**The task**
Your copy should run exactly from the line containing "Papilio euchenor" to the last line of the entries below, and it should include no pictures.

**The records**
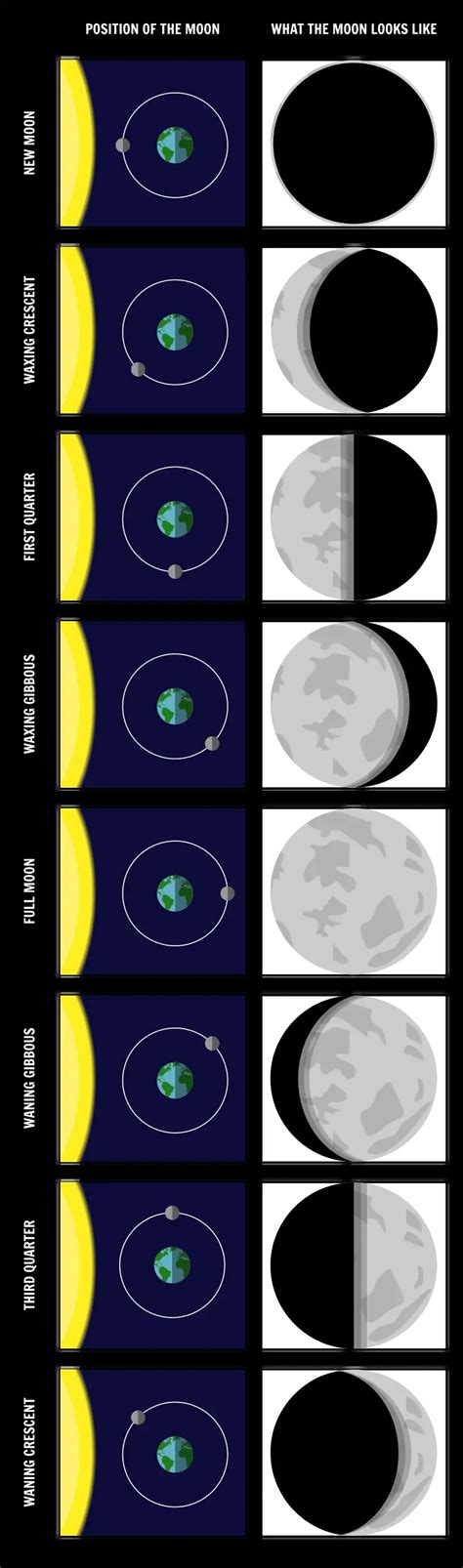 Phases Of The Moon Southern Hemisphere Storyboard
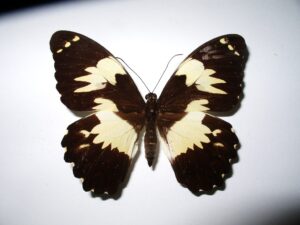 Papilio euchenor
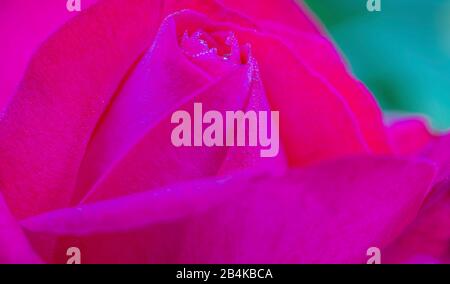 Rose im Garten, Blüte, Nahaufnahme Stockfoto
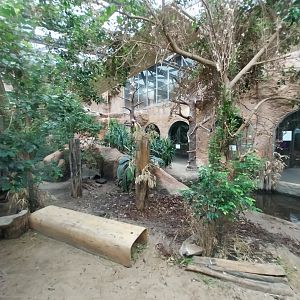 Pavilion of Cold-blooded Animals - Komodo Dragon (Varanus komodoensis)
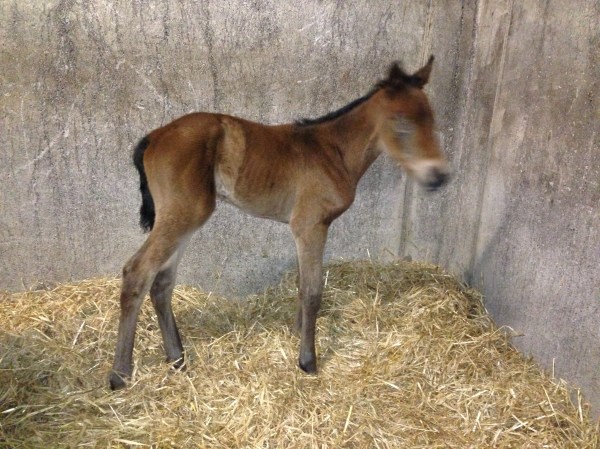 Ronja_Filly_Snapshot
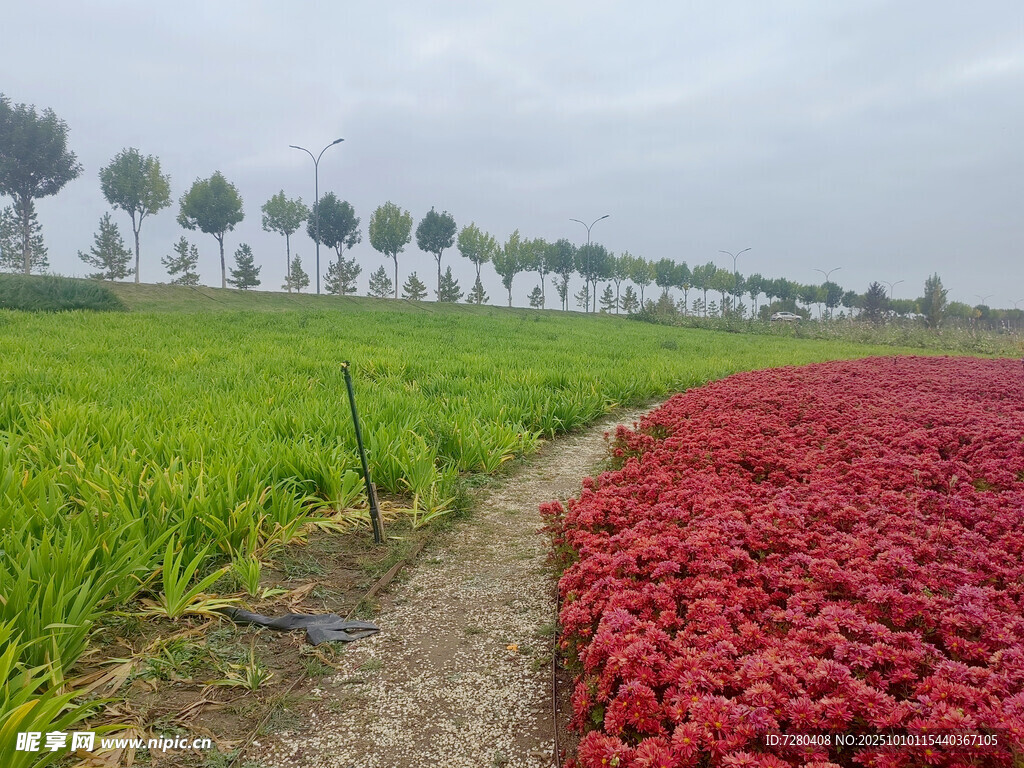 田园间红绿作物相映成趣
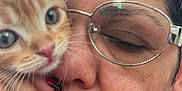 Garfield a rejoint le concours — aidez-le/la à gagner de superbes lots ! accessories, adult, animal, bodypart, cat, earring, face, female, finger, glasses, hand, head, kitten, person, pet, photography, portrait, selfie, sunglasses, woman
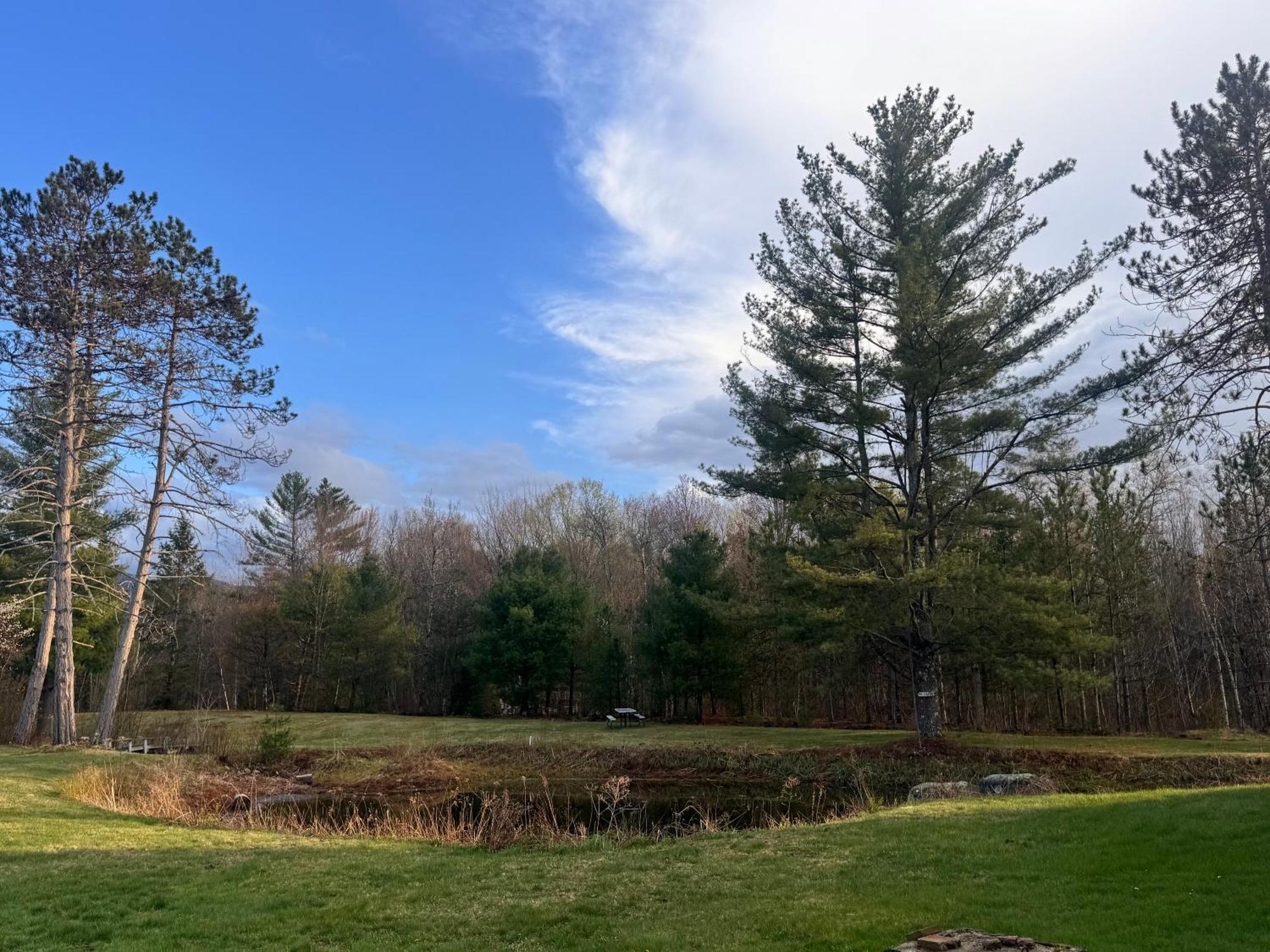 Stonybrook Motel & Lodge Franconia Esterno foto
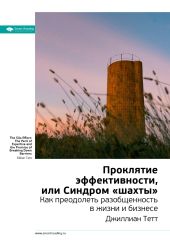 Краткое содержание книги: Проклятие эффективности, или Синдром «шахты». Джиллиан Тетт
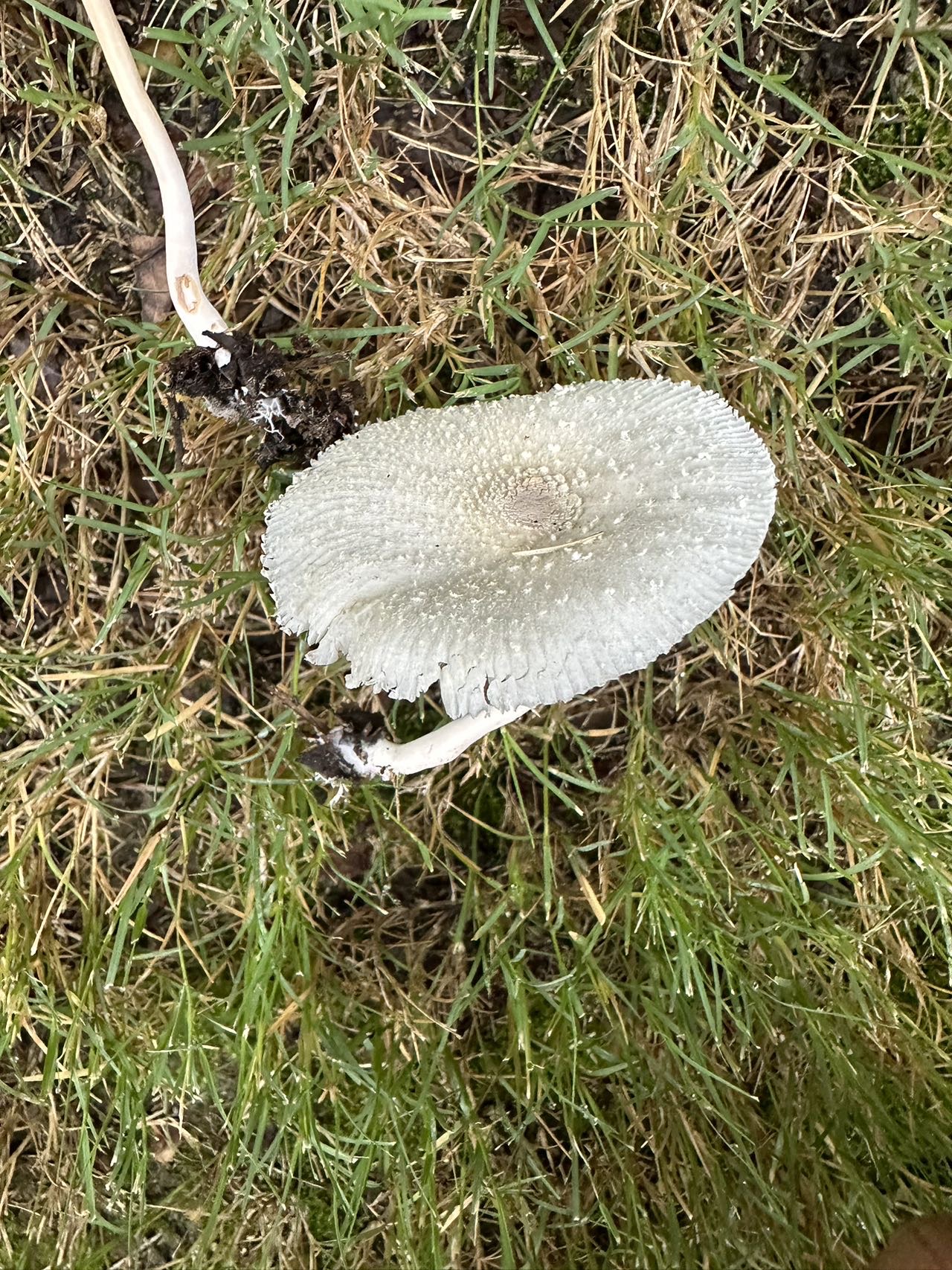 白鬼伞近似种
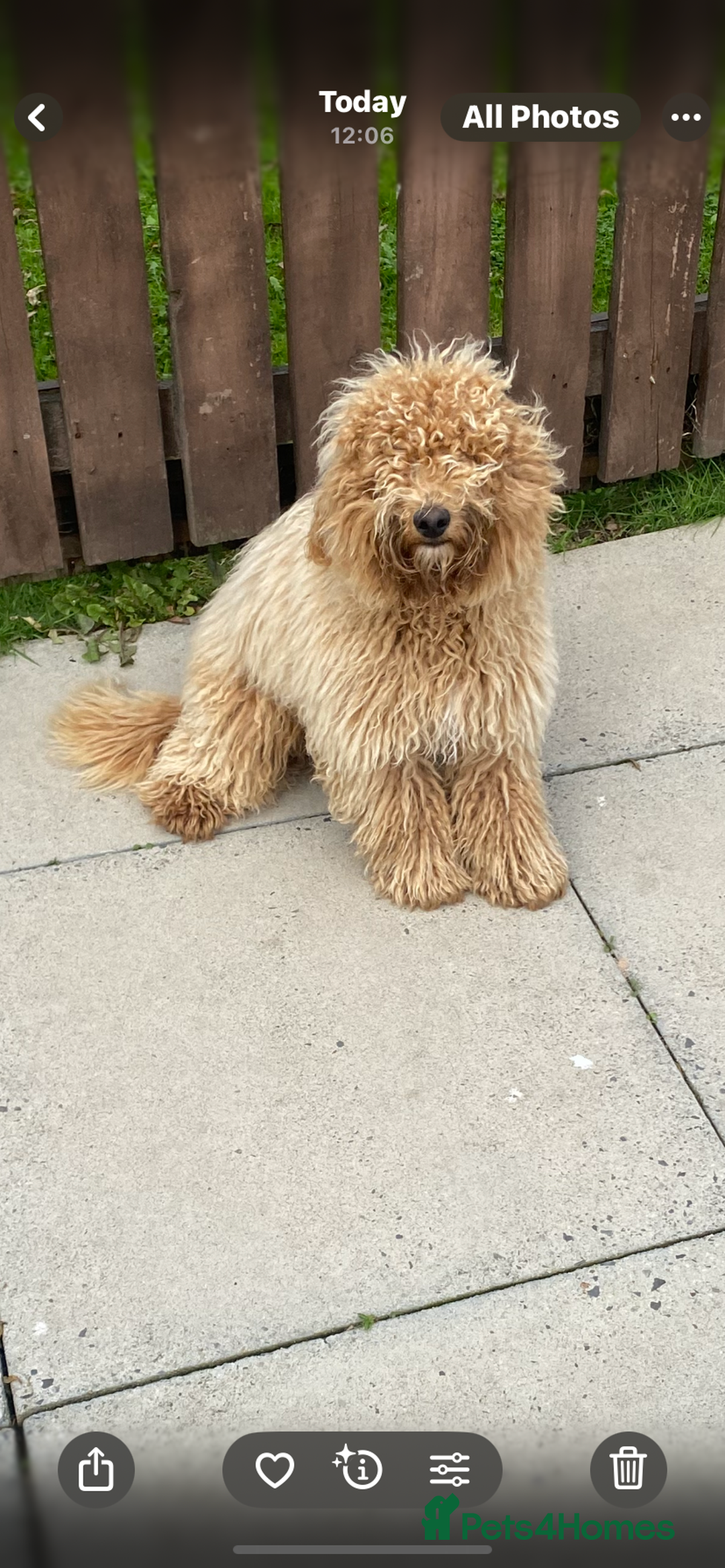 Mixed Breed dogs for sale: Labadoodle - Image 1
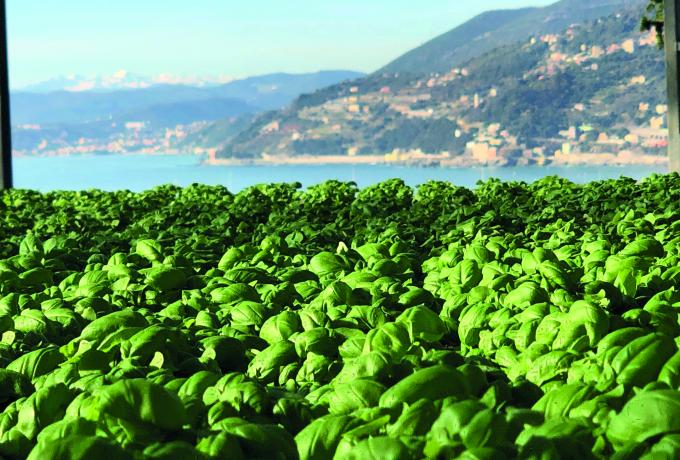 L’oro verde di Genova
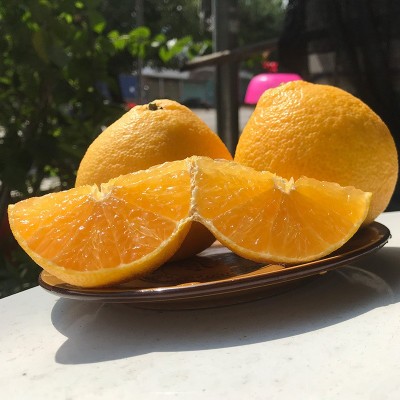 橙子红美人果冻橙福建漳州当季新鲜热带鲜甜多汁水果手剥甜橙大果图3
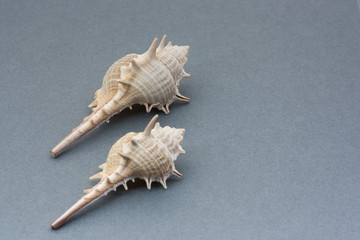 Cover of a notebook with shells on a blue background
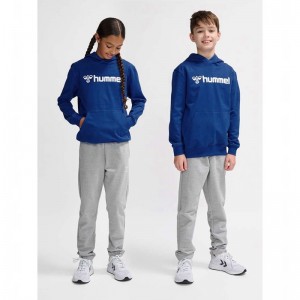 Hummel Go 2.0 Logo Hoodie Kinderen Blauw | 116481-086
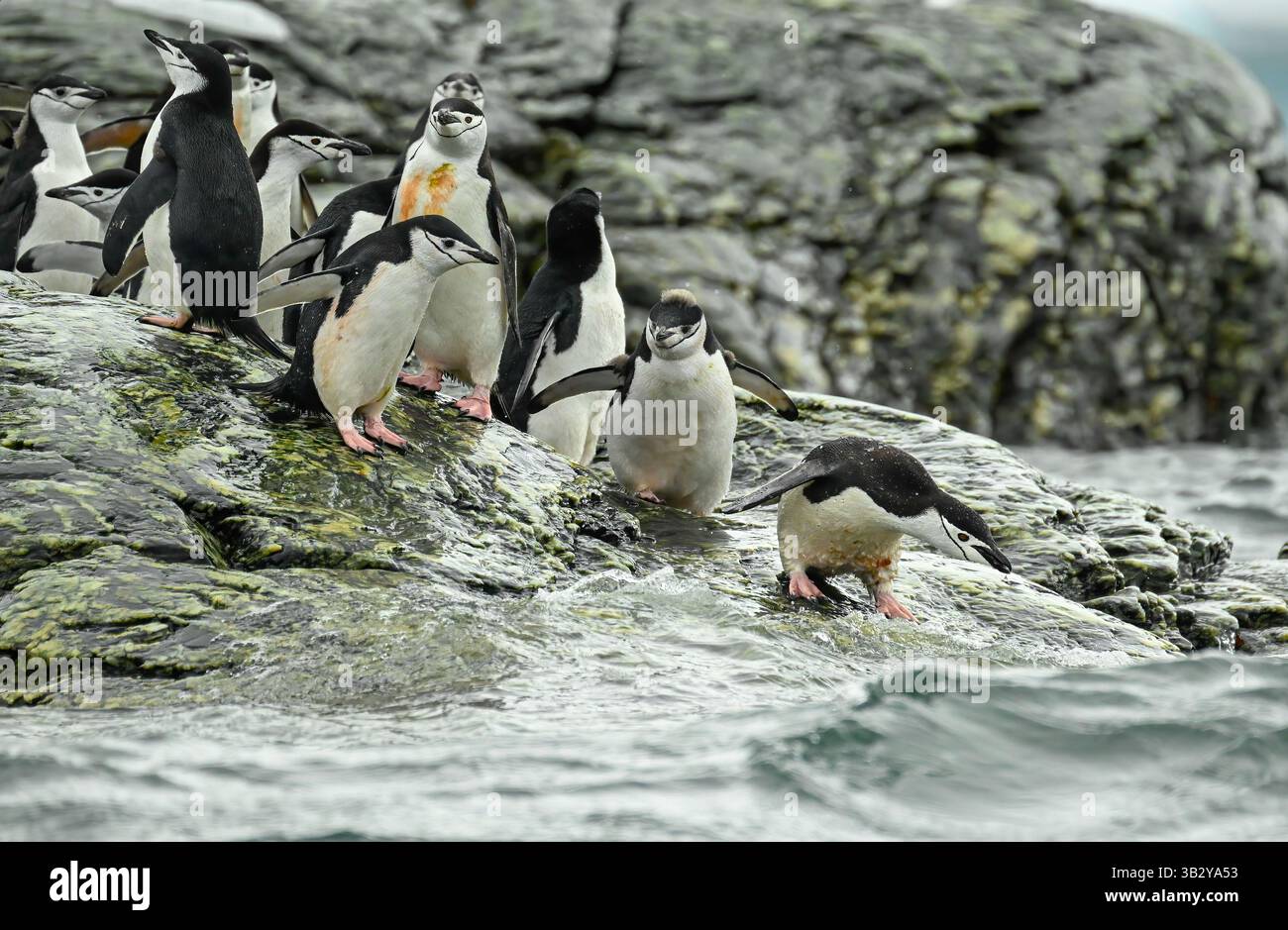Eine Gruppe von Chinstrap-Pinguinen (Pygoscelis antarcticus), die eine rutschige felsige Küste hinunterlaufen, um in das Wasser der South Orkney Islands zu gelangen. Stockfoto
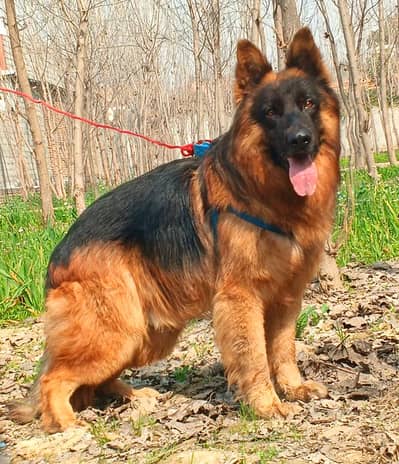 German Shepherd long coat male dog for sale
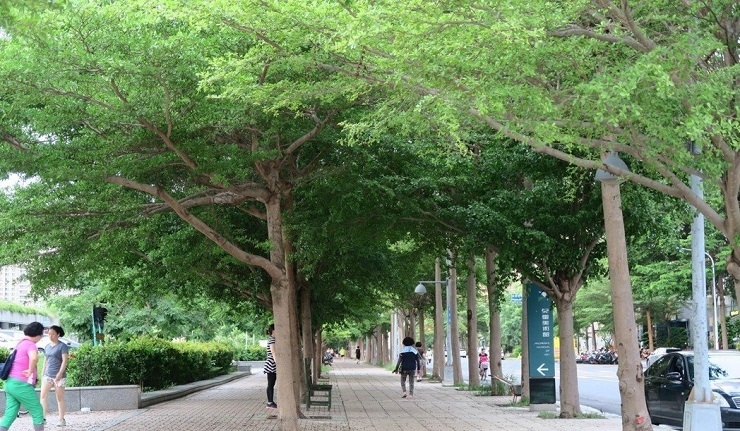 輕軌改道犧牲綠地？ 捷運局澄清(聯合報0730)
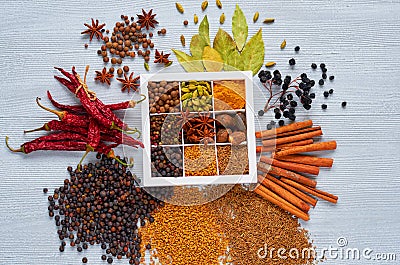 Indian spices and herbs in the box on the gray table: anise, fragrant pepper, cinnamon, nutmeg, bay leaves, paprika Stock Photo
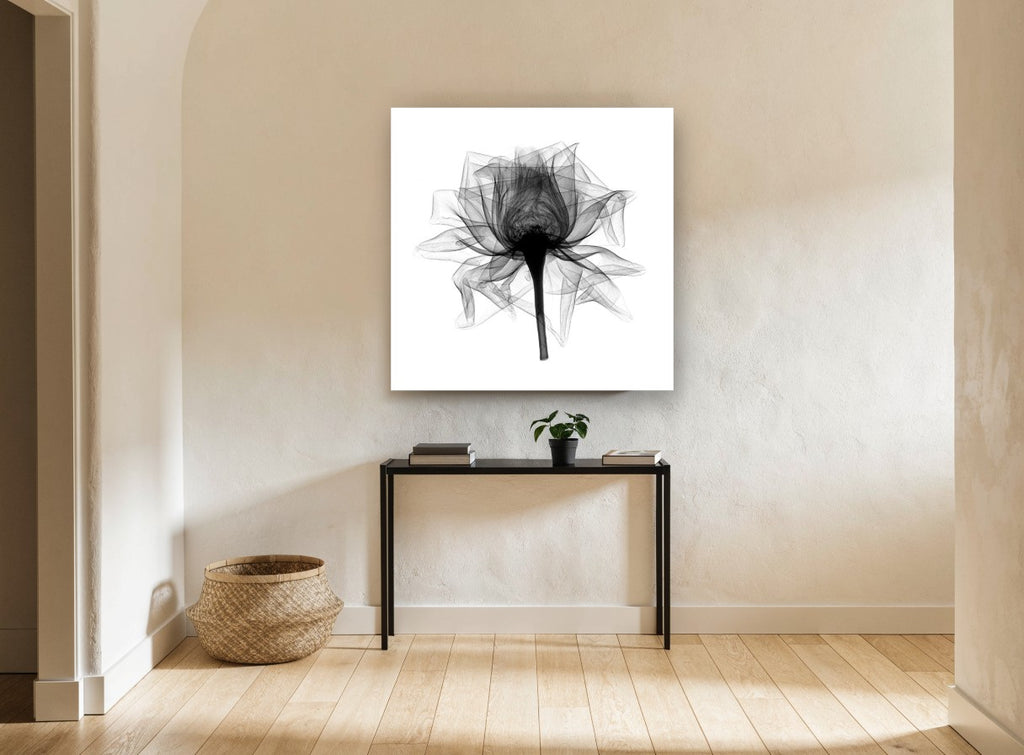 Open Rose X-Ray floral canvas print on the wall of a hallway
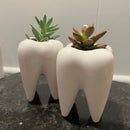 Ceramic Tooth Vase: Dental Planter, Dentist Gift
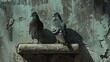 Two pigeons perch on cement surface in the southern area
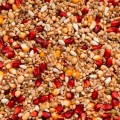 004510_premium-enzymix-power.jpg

**Answer for this exercise**
 Papilio euchenor
 Rose im Garten, Blüte, Nahaufnahme Stockfoto
 Pavilion of Cold-blooded Animals - Komodo Dragon (Varanus komodoensis)
 Ronja_Filly_Snapshot
 田园间红绿作物相映成趣
 Garfield a rejoint le concours — aidez-le/la à gagner de superbes lots ! accessories, adult, animal, bodypart, cat, earring, face, female, finger, glasses, hand, head, kitten, person, pet, photography, portrait, selfie, sunglasses, woman
 Stonybrook Motel & Lodge Franconia Esterno foto
 Краткое содержание книги: Проклятие эффективности, или Синдром «шахты». Джиллиан Тетт
 白鬼伞近似种
 Mixed Breed dogs for sale: Labadoodle - Image 1
 L’oro verde di Genova
 橙子红美人果冻橙福建漳州当季新鲜热带鲜甜多汁水果手剥甜橙大果图3
 Cover of a notebook with shells on a blue background
 Hummel Go 2.0 Logo Hoodie Kinderen Blauw | 116481-086
Eine Gruppe von Chinstrap-Pinguinen (Pygoscelis antarcticus), die eine rutschige felsige Küste hinunterlaufen, um in das Wasser der South Orkney Islands zu gelangen. Stockfoto
 German Shepherd long coat male dog for sale
 輕軌改道犧牲綠地？ 捷運局澄清(聯合報0730)
 Indian spices and herbs in the box on the gray table: anise, fragrant pepper, cinnamon, nutmeg, bay leaves, paprika Stock Photo
 Open Rose X-Ray floral canvas print on the wall of a hallway
 Ceramic Tooth Vase: Dental Planter, Dentist Gift
 Two pigeons perch on cement surface in the southern area
 004510_premium-enzymix-power.jpg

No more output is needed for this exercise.